A fourth theoretical approach is to use and test a safety concept using formal methods [26]. Similarly to the human assumed to be a monitor and a part of the safety concept of current vehicles, a verified reliable safety concept could make testing the overall functionality of the vehicle in its complete representativeness superfluous. This would make a reduction of the test cases possible.

6.2.2 Test Execution/Test Tool

Along with the possibility of reducing the test cases during the test case generation, the test execution also has potential for speeding up the process. However, if we deviate from real driving and select another testing tool for the test execution, there is always an attendant simplification. This is described in more detail by means of Fig. 21.10.

Fig. 21.10
figure 10

Classification of testing tools for testing autonomous vehicles. Image rights: Author has copyright

Figure 21.10 divides the testing tools into nine classes which are differentiated based on how the vehicle and the environment are represented. The passenger is assigned to the vehicle in this representation, as he/she is situated in the vehicle and does not actively intervene in the autonomous driving.

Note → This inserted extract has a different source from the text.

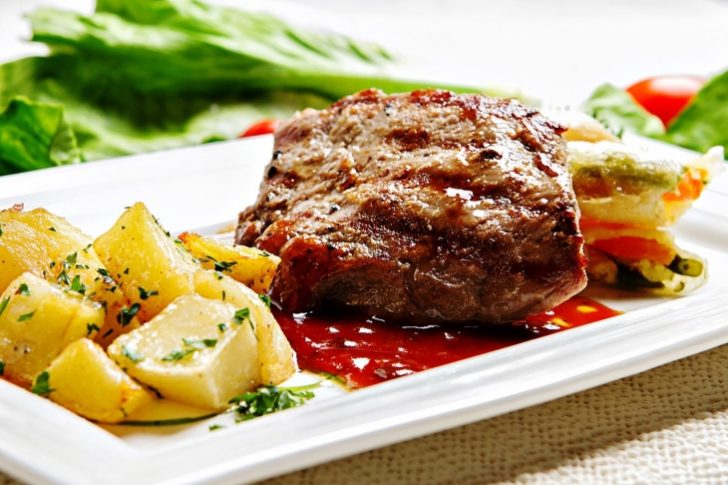  ¡Come delicioso! Prepara este lomo con papas al perejil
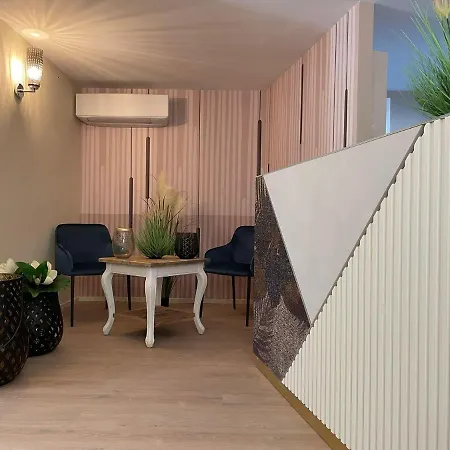 Hotel La Perla 3*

Real driving represents both the environment and the vehicle in reality. Accordingly, during these tests there is the risk of real accidents and their consequences. The environment is not controlled, and this results in test situations based on the randomness of reality; accordingly, the reproducibility for complex situations with other road users is not a given. This testing tool can be used, at the earliest, with the first roadworthy prototypes, and therefore occurs at the end of the development process.

An alternative is to test real vehicles in an artificial environment: This corresponds to driving on a test ground, as there situations are created artificially on the one hand, and on the other the “road users” are conscious of being involved in a test. Reality is simplified for the benefit of safety, variability, observability and reproducibility. From economic perspectives, while the test cases are tested specifically and do not have to be experienced randomly as in real driving, setting up the test field requires additional time and financial resources.

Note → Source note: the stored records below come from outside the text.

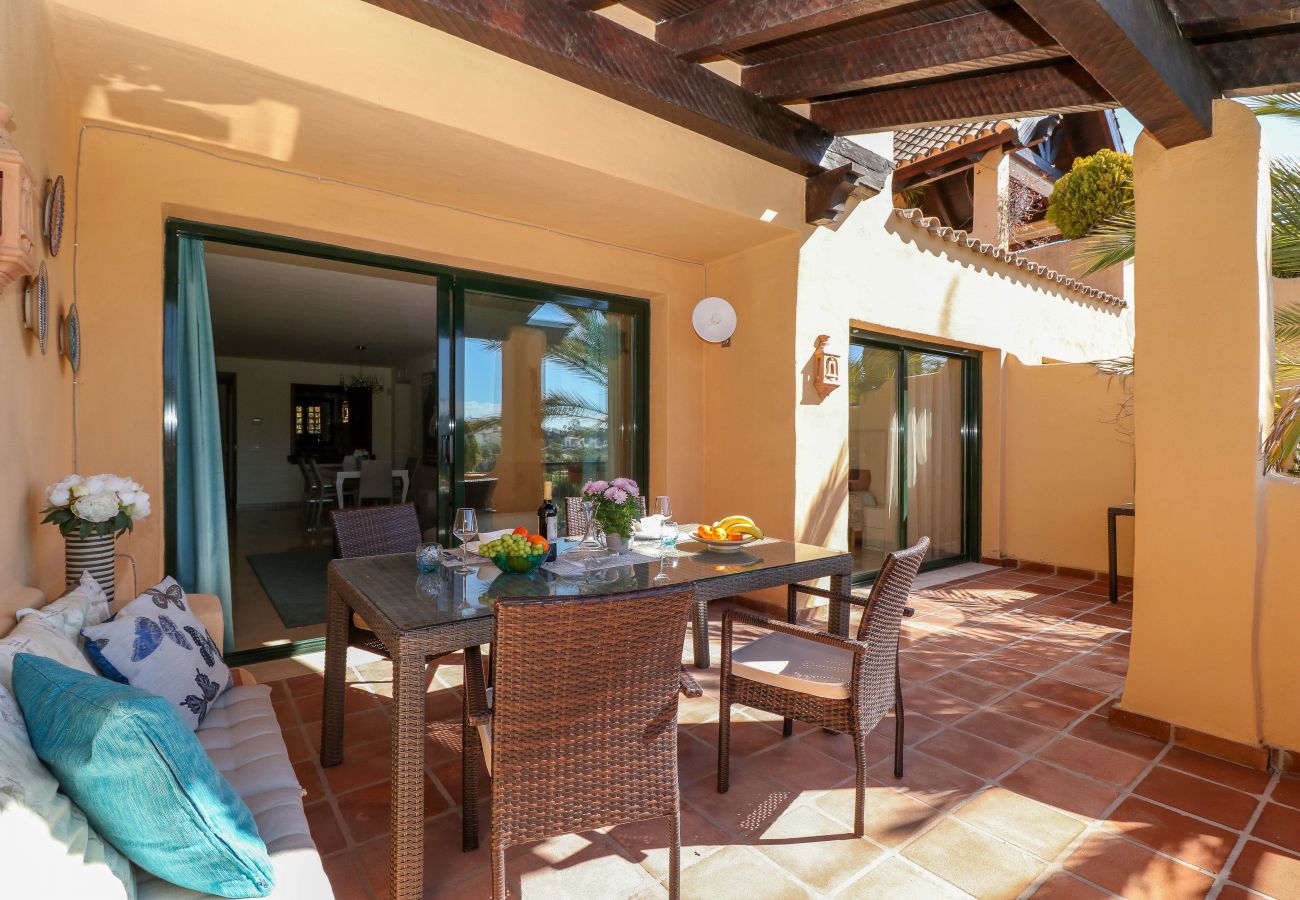 Apartment in Estepona - Luxury apartment in El Campanario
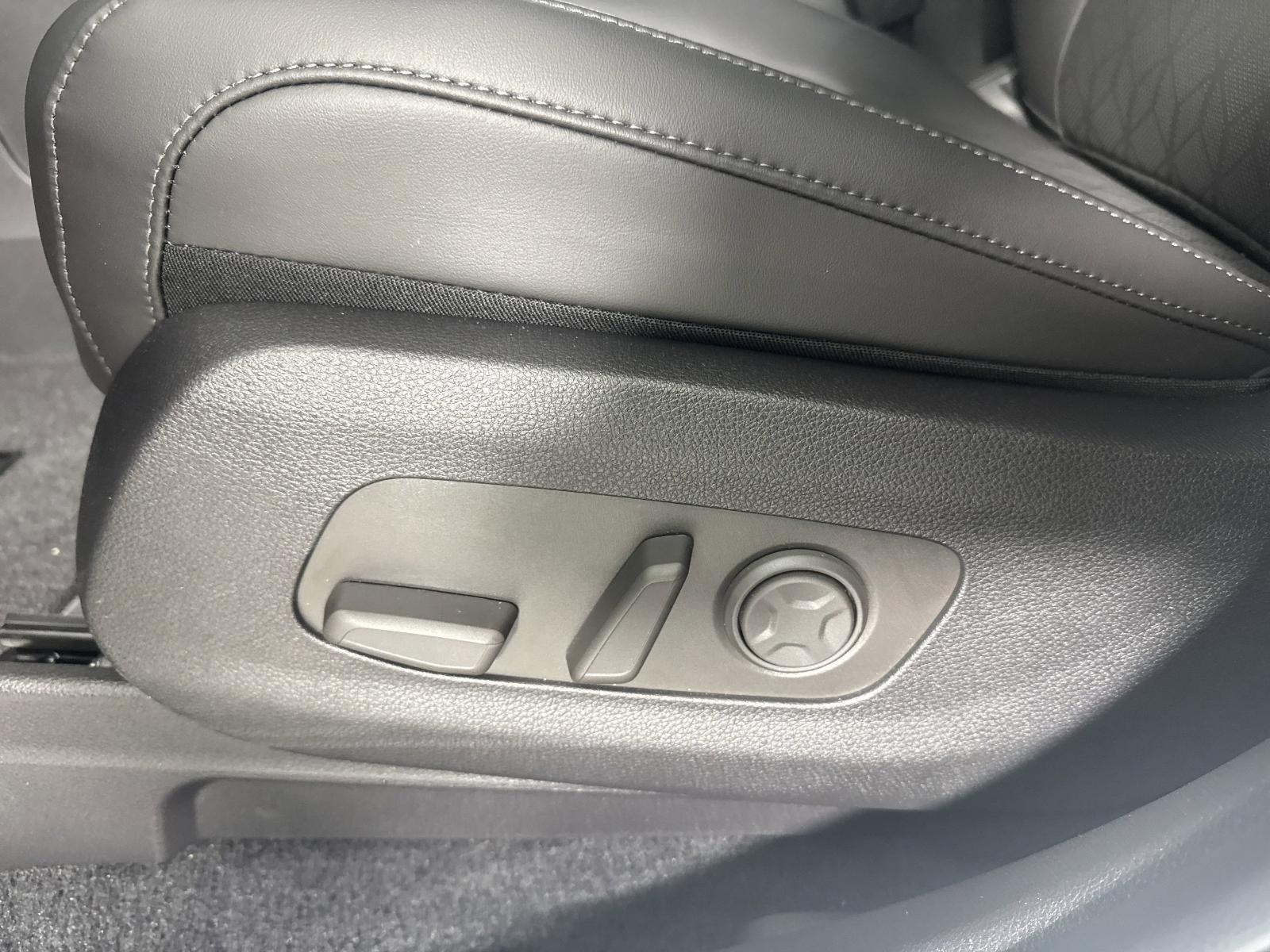 2025 Kia Carnival Hybrid Vehicle Photo in GEORGETOWN, TX 78626-7508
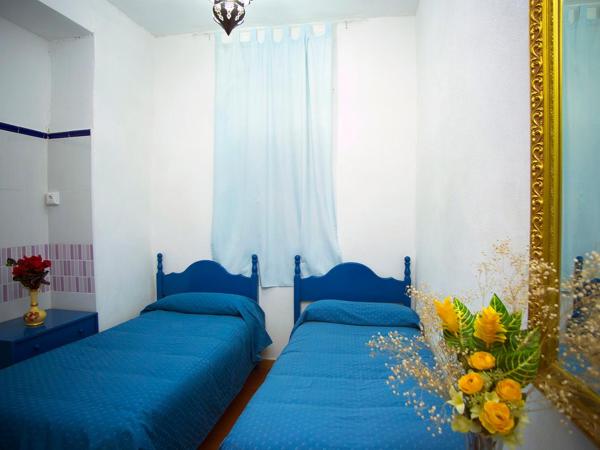 Pensión Santa María la Blanca : photo 8 de la chambre chambre lits jumeaux avec salle de bains privative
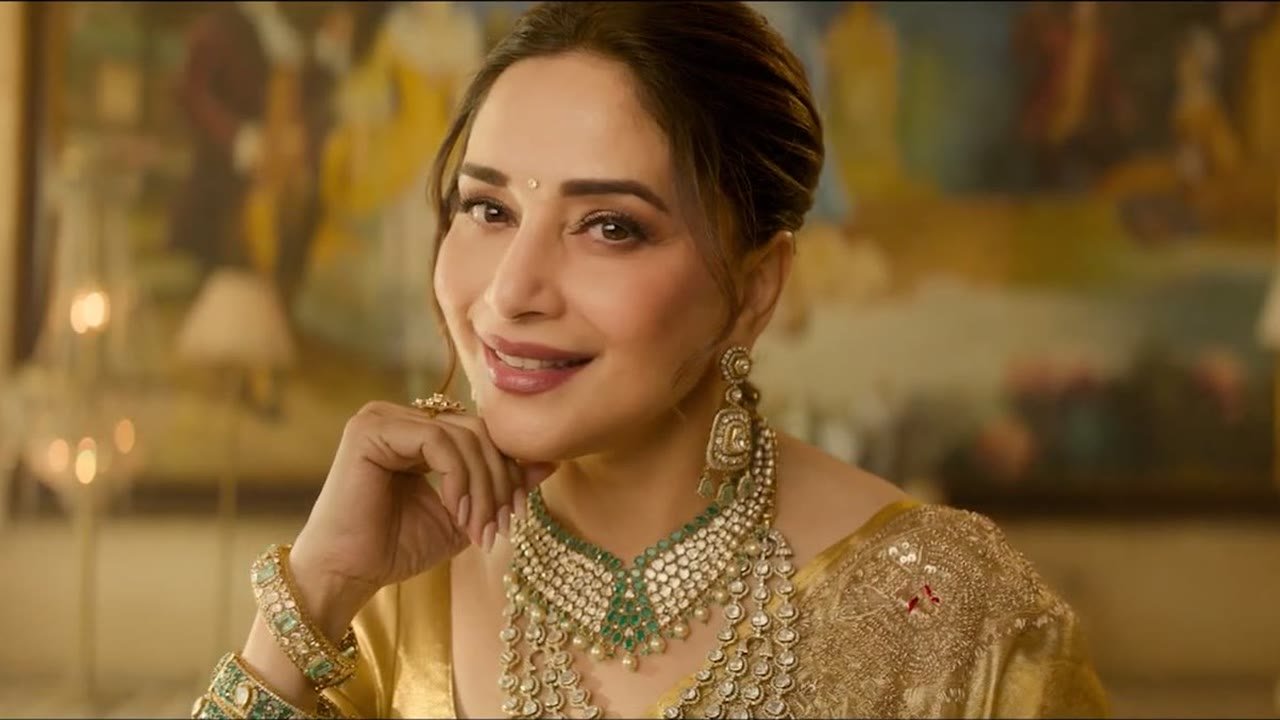 PNG Jewellers starring Madhuri Dixit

Additionally, an artificial vehicle could move within a real environment; in this case, artificial refers to equipping the autonomous vehicle with a supervisor, for example, that has the option to intervene in the driving task. This could be a test driver with a steering wheel and pedals, or alternatively a technical system that is superior to the series system due to its more powerful (additional) sensors. If components are represented artificially, the closeness to reality suffers, but gains are made in terms of safety, reproducibility and observability.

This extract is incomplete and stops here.